Segment Start: Data to examine

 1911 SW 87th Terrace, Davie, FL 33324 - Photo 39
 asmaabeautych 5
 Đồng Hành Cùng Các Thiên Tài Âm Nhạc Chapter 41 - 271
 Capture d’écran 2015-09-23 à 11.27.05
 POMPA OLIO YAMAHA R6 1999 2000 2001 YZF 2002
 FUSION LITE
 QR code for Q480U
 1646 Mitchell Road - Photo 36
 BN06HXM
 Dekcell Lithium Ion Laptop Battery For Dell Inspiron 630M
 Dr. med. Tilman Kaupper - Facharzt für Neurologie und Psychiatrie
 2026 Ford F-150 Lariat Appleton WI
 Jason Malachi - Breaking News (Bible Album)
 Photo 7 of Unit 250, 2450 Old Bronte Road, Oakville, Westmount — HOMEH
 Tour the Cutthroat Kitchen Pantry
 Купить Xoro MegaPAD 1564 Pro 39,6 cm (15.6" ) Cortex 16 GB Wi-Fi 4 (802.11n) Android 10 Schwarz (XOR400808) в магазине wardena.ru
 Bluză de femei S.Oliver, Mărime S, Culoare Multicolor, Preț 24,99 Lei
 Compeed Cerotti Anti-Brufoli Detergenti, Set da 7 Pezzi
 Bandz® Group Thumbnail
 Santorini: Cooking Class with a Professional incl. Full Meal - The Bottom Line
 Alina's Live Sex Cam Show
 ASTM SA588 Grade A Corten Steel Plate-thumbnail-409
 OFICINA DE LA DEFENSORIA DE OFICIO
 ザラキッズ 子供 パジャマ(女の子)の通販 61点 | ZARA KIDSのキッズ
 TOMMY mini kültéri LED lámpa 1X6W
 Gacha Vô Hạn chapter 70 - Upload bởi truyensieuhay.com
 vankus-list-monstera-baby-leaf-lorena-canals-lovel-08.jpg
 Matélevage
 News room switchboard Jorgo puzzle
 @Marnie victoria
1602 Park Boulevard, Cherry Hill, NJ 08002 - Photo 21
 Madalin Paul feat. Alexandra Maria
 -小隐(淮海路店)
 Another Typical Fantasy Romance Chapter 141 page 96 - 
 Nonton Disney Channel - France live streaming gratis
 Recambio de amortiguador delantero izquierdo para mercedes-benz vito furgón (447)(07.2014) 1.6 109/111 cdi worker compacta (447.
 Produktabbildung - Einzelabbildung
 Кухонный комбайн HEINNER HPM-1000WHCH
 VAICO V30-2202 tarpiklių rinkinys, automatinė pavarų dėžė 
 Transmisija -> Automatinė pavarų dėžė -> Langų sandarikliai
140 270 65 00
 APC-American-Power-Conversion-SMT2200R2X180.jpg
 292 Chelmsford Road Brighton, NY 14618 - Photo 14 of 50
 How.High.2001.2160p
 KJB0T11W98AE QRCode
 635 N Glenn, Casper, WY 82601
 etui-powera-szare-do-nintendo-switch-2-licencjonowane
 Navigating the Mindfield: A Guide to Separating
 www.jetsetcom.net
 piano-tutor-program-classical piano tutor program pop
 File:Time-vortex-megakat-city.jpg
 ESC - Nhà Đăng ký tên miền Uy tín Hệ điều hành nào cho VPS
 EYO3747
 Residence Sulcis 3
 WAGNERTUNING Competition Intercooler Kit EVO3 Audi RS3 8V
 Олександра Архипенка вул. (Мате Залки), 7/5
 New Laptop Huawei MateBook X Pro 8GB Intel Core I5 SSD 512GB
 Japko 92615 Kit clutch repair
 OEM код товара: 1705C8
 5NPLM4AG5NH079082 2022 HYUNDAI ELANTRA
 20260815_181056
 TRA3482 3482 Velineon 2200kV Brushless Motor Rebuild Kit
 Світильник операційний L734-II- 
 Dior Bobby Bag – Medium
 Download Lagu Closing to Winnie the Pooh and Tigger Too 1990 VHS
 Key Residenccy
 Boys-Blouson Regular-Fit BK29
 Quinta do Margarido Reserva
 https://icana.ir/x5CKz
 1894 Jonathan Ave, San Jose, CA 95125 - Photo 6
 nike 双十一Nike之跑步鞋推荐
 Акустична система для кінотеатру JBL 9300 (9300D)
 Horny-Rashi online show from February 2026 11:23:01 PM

Segment End: Data to examine

[Work to be completed]:
All entries above are to be reproduced exactly.

[Response area]:
 1911 SW 87th Terrace, Davie, FL 33324 - Photo 39
 asmaabeautych 5
 Đồng Hành Cùng Các Thiên Tài Âm Nhạc Chapter 41 - 271
 Capture d’écran 2015-09-23 à 11.27.05
 POMPA OLIO YAMAHA R6 1999 2000 2001 YZF 2002
 FUSION LITE
 QR code for Q480U
 1646 Mitchell Road - Photo 36
 BN06HXM
 Dekcell Lithium Ion Laptop Battery For Dell Inspiron 630M
 Dr. med. Tilman Kaupper - Facharzt für Neurologie und Psychiatrie
 2026 Ford F-150 Lariat Appleton WI
 Jason Malachi - Breaking News (Bible Album)
 Photo 7 of Unit 250, 2450 Old Bronte Road, Oakville, Westmount — HOMEH
 Tour the Cutthroat Kitchen Pantry
 Купить Xoro MegaPAD 1564 Pro 39,6 cm (15.6" ) Cortex 16 GB Wi-Fi 4 (802.11n) Android 10 Schwarz (XOR400808) в магазине wardena.ru
 Bluză de femei S.Oliver, Mărime S, Culoare Multicolor, Preț 24,99 Lei
 Compeed Cerotti Anti-Brufoli Detergenti, Set da 7 Pezzi
 Bandz® Group Thumbnail
 Santorini: Cooking Class with a Professional incl. Full Meal - The Bottom Line
 Alina's Live Sex Cam Show
 ASTM SA588 Grade A Corten Steel Plate-thumbnail-409
 OFICINA DE LA DEFENSORIA DE OFICIO
 ザラキッズ 子供 パジャマ(女の子)の通販 61点 | ZARA KIDSのキッズ
 TOMMY mini kültéri LED lámpa 1X6W
 Gacha Vô Hạn chapter 70 - Upload bởi truyensieuhay.com
 vankus-list-monstera-baby-leaf-lorena-canals-lovel-08.jpg
 Matélevage
 News room switchboard Jorgo puzzle
 @Marnie victoria
1602 Park Boulevard, Cherry Hill, NJ 08002 - Photo 21
 Madalin Paul feat. Alexandra Maria
 -小隐(淮海路店)
 Another Typical Fantasy Romance Chapter 141 page 96 - 
 Nonton Disney Channel - France live streaming gratis
 Recambio de amortiguador delantero izquierdo para mercedes-benz vito furgón (447)(07.2014) 1.6 109/111 cdi worker compacta (447.
 Produktabbildung - Einzelabbildung
 Кухонный комбайн HEINNER HPM-1000WHCH
 VAICO V30-2202 tarpiklių rinkinys, automatinė pavarų dėžė 
 Transmisija -> Automatinė pavarų dėžė -> Langų sandarikliai
140 270 65 00
 APC-American-Power-Conversion-SMT2200R2X180.jpg
 292 Chelmsford Road Brighton, NY 14618 - Photo 14 of 50
 How.High.2001.2160p
 KJB0T11W98AE QRCode
 635 N Glenn, Casper, WY 82601
 etui-powera-szare-do-nintendo-switch-2-licencjonowane
 Navigating the Mindfield: A Guide to Separating
 www.jetsetcom.net
 piano-tutor-program-classical piano tutor program pop
 File:Time-vortex-megakat-city.jpg
 ESC - Nhà Đăng ký tên miền Uy tín Hệ điều hành nào cho VPS
 EYO3747
 Residence Sulcis 3
 WAGNERTUNING Competition Intercooler Kit EVO3 Audi RS3 8V
 Олександра Архипенка вул. (Мате Залки), 7/5
 New Laptop Huawei MateBook X Pro 8GB Intel Core I5 SSD 512GB
 Japko 92615 Kit clutch repair
 OEM код товара: 1705C8
 5NPLM4AG5NH079082 2022 HYUNDAI ELANTRA
 20260815_181056
 TRA3482 3482 Velineon 2200kV Brushless Motor Rebuild Kit
 Світильник операційний L734-II- 
 Dior Bobby Bag – Medium
 Download Lagu Closing to Winnie the Pooh and Tigger Too 1990 VHS
 Key Residenccy
 Boys-Blouson Regular-Fit BK29
 Quinta do Margarido Reserva
 https://icana.ir/x5CKz
 1894 Jonathan Ave, San Jose, CA 95125 - Photo 6
 nike 双十一Nike之跑步鞋推荐
 Акустична система для кінотеатру JBL 9300 (9300D)
 Horny-Rashi online show from February 2026 11:23:01 PM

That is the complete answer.